AS: Do you see traditional channels integrating themselves with a cash and carry format store like Metro in the near future?

RB: The need of the hour for traditional mandi’s is to transform. The old concept was more like a bazaar concept, situated across one of the busiest locations in the country. Nowadays, cities are not built around bazaar; they are built around places where shopping is an add-on service. The change in demand for assortment is determined from the change in needs. People are inclining towards convenience now rather than utility. Hence, the scope for growth of mandi’s can only be attained, if necessary changes are undertaken.

AS: How many outlets does Metro Cash & Carry have across the globe and how much does India contribute to its global revenue?

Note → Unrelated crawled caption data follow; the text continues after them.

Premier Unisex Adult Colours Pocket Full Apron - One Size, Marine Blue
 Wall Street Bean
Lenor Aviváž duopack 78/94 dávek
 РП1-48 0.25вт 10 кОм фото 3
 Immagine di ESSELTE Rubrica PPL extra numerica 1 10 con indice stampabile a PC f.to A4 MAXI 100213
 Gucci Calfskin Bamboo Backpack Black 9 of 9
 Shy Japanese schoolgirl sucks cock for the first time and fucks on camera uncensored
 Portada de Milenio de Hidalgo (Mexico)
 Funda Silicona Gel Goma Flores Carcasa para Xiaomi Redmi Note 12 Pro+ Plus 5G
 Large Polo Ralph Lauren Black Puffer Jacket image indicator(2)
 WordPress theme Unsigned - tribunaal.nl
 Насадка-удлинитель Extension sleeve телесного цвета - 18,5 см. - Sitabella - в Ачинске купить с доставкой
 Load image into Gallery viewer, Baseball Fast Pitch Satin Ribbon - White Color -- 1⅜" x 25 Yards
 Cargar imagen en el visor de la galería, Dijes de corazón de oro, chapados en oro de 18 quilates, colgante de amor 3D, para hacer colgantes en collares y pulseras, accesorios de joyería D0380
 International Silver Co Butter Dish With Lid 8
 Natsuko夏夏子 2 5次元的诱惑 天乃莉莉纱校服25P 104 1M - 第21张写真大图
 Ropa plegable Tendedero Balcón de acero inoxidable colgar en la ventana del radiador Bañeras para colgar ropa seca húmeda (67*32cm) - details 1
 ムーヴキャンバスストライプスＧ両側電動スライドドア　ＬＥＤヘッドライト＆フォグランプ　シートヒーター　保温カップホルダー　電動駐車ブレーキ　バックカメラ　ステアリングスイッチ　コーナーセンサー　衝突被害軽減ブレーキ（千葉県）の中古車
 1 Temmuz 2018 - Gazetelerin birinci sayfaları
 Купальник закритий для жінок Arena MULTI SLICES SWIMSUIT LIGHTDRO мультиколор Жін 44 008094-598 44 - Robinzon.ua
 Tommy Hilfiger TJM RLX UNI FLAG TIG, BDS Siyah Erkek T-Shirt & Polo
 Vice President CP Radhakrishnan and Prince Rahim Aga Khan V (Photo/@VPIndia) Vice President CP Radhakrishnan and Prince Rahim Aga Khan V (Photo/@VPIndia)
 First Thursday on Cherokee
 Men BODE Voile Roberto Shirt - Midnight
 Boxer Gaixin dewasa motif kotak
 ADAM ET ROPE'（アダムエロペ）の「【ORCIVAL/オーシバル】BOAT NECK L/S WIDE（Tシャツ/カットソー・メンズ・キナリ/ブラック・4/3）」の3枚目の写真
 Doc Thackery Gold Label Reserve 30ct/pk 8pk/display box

RB: Metro has more than 700 stores across 35 countries and in India there are 10 stores, including the one in Delhi. The contribution of the Indian stores to the global company is hardly visible as of now but we believe with growth the numbers will show a different side in the next couple of years as we open up more stores. Our next store is going to be in Jaipur, which we will be opening in a month’s time.

AS: With 10 stores in India, how much has Metro invested for its operations in the country?

RB: We have invested close to Rs 1,000 crore in the Indian market, which includes the cost of setting up stores, marketing initiatives and logistic operations, which is completely in-house for us. The issue of logistics is the biggest concern for us, but we have our collection points that make the entire process much easier to handle.